Diese Informationen intellektuell aufzunehmen, kann anstrengend sein. Es kann Zeit brauchen – möglicherweise Jahre –, bis wir die inneren Ebenen erreichen, auf denen diese Lehren Anwendung finden. Erst wenn wir mit unserem eigenen inneren Konflikt konfrontiert werden, werden diese Worte wirklich Sinn ergeben.

Dann werden wir verstehen, was es bedeutet, dass es einen Unterschied zwischen intellektuellem und emotionalem Verständnis gibt. Lauschen Sie vorerst einfach dem, was hier geteilt wird, und spüren Sie die tiefe innere Resonanz in sich auf.

Manchmal wird ein Samen gesät, der später wunderbare Früchte tragen wird.

Wir entdecken oft verborgene Gegenströmungen in uns. Sie zu finden, kann uns niemals schaden. Der Schaden entsteht nicht durch das Erkennen dieser Strömungen.

Die Zukunft scheint besser – bis wir dort ankommen.

Es fällt uns allen schwer, im jeweiligen Moment präsent zu sein.

Wir leben selten im Jetzt.

Wir drängen in die Zukunft oder ziehen uns in die Vergangenheit zurück.

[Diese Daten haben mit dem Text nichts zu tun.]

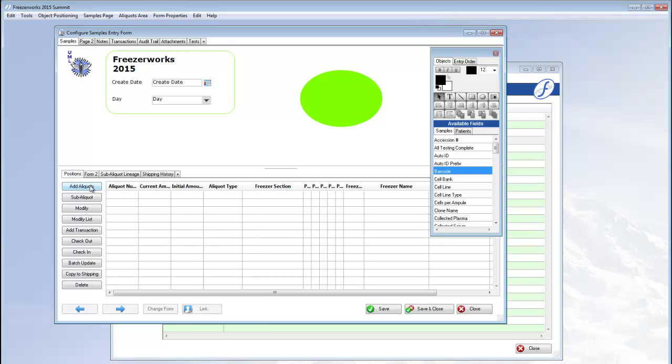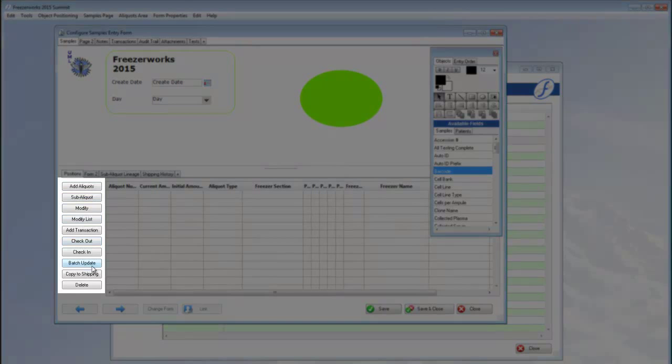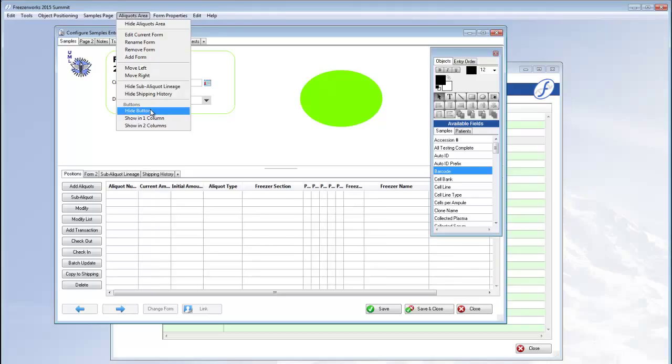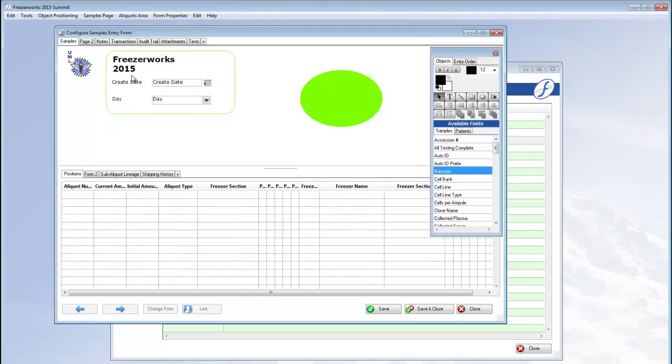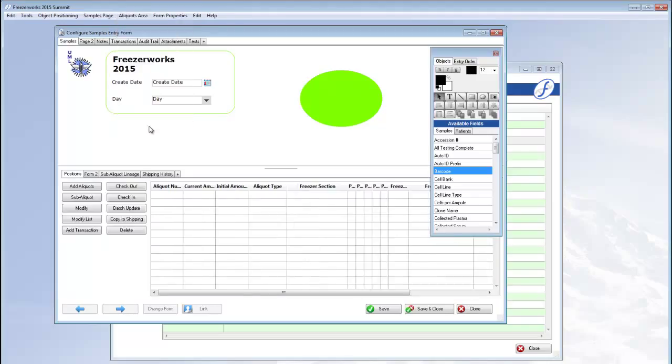Lastly, the action buttons to the left of the aliquots area can be edited. In the aliquots area menu, you can hide the buttons altogether, or just to create some space, change the organization to two columns.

Oftmals bewegen wir uns in beide Richtungen gleichzeitig. So oder so entfernen wir uns immer weiter von dem, was jetzt ist.

Nur indem wir im Jetzt leben, leben wir in der Realität. Wie auch immer wir uns die Zukunft vorstellen, sie wird vielleicht nie so eintreten, wie wir hoffen – oder befürchten.

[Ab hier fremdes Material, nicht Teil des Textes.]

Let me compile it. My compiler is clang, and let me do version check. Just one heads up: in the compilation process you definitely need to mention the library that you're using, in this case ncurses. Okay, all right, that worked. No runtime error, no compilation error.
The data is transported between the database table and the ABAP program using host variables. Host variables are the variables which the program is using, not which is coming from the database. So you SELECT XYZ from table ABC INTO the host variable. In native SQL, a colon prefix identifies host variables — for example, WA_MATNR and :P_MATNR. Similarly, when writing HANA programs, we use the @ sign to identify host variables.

Angenommen, es wäre für einen Moment möglich, unsere Zukunftsvision exakt zu gestalten. Wir befinden uns dennoch in einer Illusion, denn das ist Vergangenheit, und wir sind im Hier und Jetzt.

Dasselbe gilt für die Vergangenheit.

Angenommen, wir hätten ein perfektes Gedächtnis – was natürlich nie der Fall ist. Wir erleben immer noch einen anderen Zeitabschnitt.

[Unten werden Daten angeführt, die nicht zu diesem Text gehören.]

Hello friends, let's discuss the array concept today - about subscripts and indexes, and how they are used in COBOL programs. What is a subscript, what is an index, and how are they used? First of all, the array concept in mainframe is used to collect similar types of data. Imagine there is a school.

Die Realität – das, was jetzt geschieht – ist nicht statisch.

Alles ist im Wandel.

Wir mögen unsere Vorstellungen von der Zukunft und der Vergangenheit und entscheiden uns deshalb, darin zu leben. Doch aufgrund unserer falschen Vorstellungen verharren wir darin. Wir haben Angst, loszulassen und uns dem natürlichen Fluss der Zeit in jedem Augenblick hinzugeben.

Wenn wir dem natürlichen Fluss der Zeit vertrauen würden, könnten wir mit ihr in Einklang kommen. Dann würden wir nicht das Bedürfnis verspüren, sie ständig manipulieren zu wollen.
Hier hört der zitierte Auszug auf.